Drought continues unabated

Public Works in Majuro established fresh water “filling stations” around the atoll to help people access water during the extended drought. Majuro Atoll Local Government is delivering reverse osmosis-produced drinking water from the College of the Marshall Islands to these filling stations, like this one shown in the Jenrok area. Photo: Isaac Marty.
Public Works in Majuro established fresh water “filling stations” around the atoll to help people access water during the extended drought. Majuro Atoll Local Government is delivering reverse osmosis-produced drinking water from the College of the Marshall Islands to these filling stations, like this one shown in the Jenrok area.

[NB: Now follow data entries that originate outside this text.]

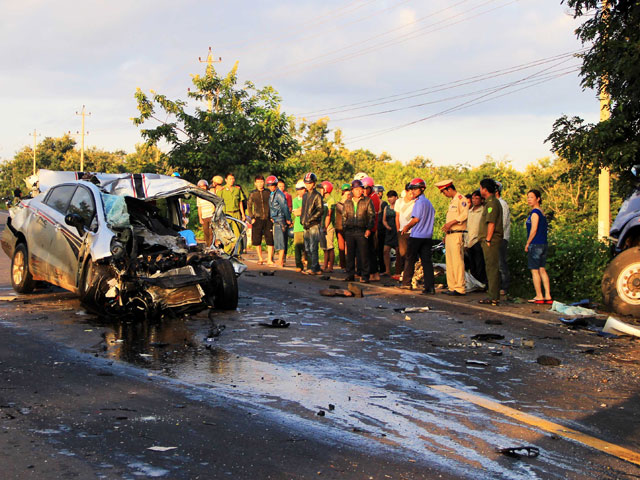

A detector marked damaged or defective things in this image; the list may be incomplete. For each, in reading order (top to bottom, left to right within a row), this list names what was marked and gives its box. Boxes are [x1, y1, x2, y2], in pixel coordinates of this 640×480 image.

wrecked white pickup truck [0, 170, 248, 318] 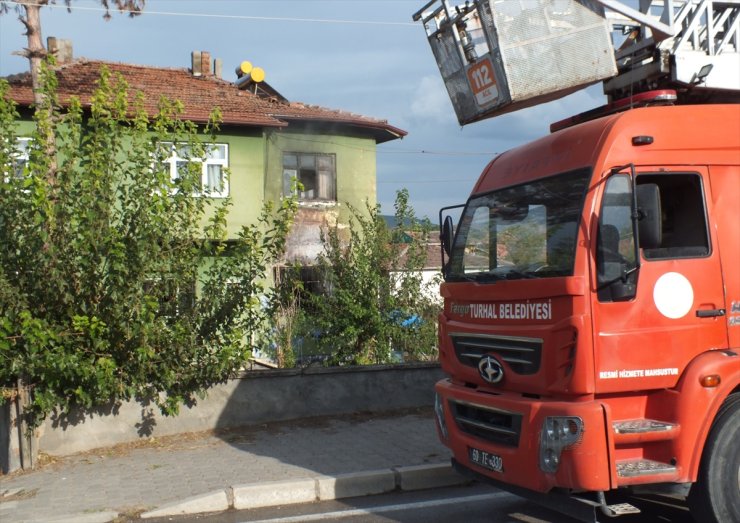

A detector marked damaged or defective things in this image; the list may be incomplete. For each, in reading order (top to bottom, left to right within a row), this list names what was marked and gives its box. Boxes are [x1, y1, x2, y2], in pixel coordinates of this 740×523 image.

damaged roof [2, 59, 408, 143] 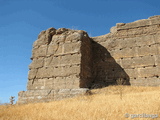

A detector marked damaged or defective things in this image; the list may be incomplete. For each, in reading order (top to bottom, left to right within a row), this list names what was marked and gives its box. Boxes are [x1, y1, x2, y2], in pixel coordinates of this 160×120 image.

broken stonework [17, 15, 160, 104] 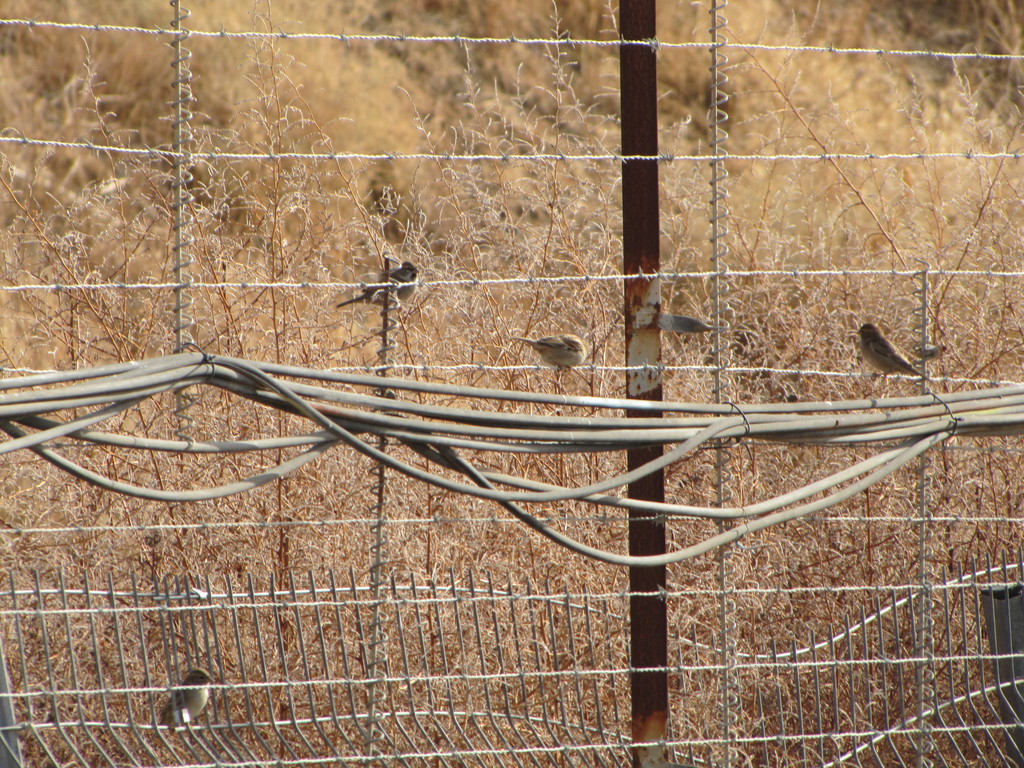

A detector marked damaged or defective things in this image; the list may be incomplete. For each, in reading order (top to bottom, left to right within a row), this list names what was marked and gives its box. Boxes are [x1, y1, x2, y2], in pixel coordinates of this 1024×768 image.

rusty metal pole [620, 1, 668, 768] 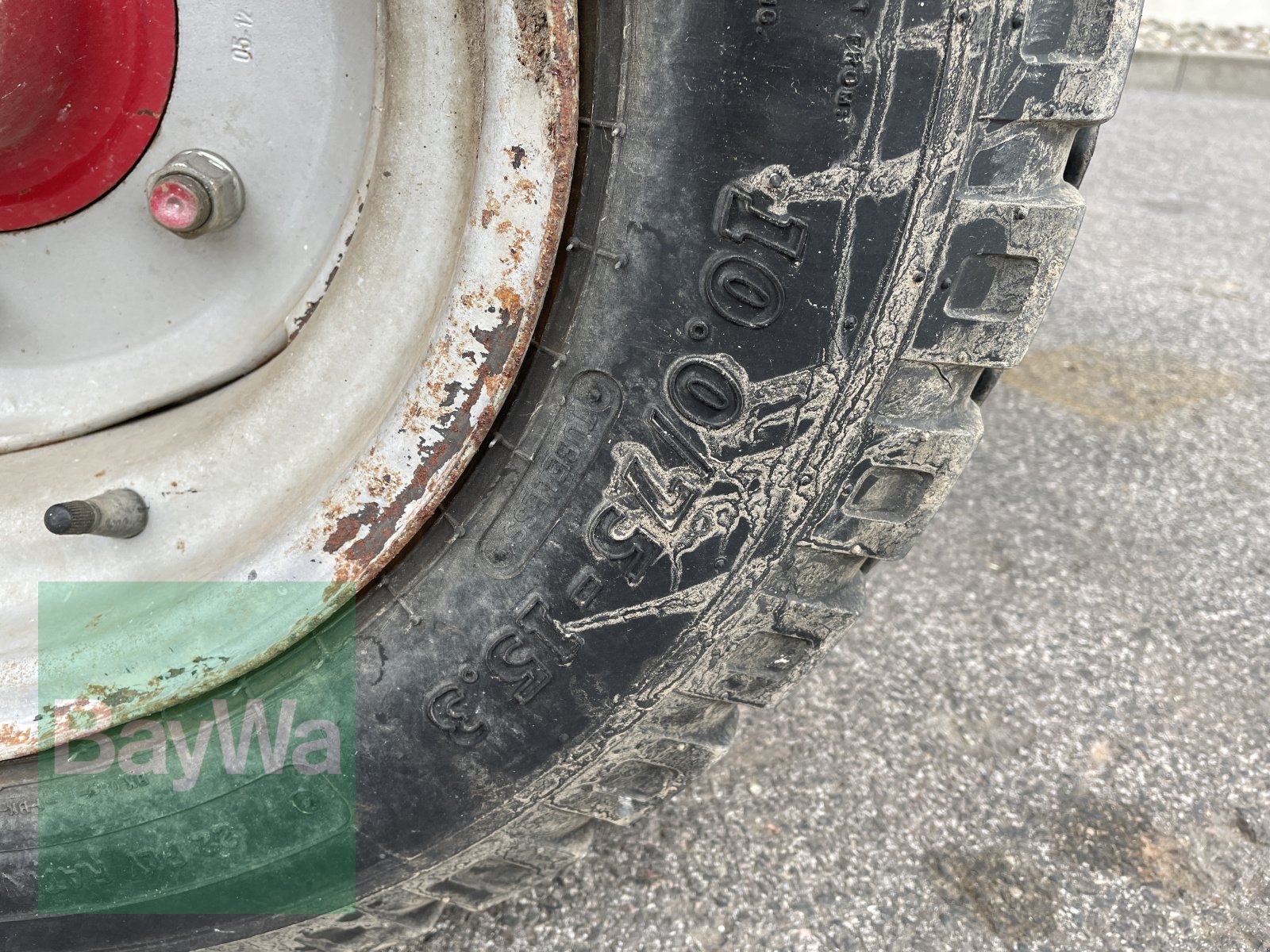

Photo: Isaac Marty.

As the El Niño-caused drought continues in the north Pacific, all three of the US-affiliated island nations have declared emergency conditions to speed government-provided relief. “Extreme drought continues across much of Micronesia” and is worsening, said Guam-based US National Weather Service officials in a bulletin last week.

The Marshall Islands was first to declare a drought emergency, then elevated it to a “disaster” last month, while Palau and the Federated States of Micronesia followed suit. US weather officials called current weather conditions impacting the north Pacific “one of the strongest El Niño events in recorded history.”

Palau is limiting city water to a few hours each week as the main reservoir and a river that normally supply the majority of the population have dropped to “very low levels,” according to officials. In Majuro, the capital of the Marshall Islands, city water is being rationed to four hours one day per week.

Guam weather officials predict rain will remain well below normal for two more months in most islands north of the equator.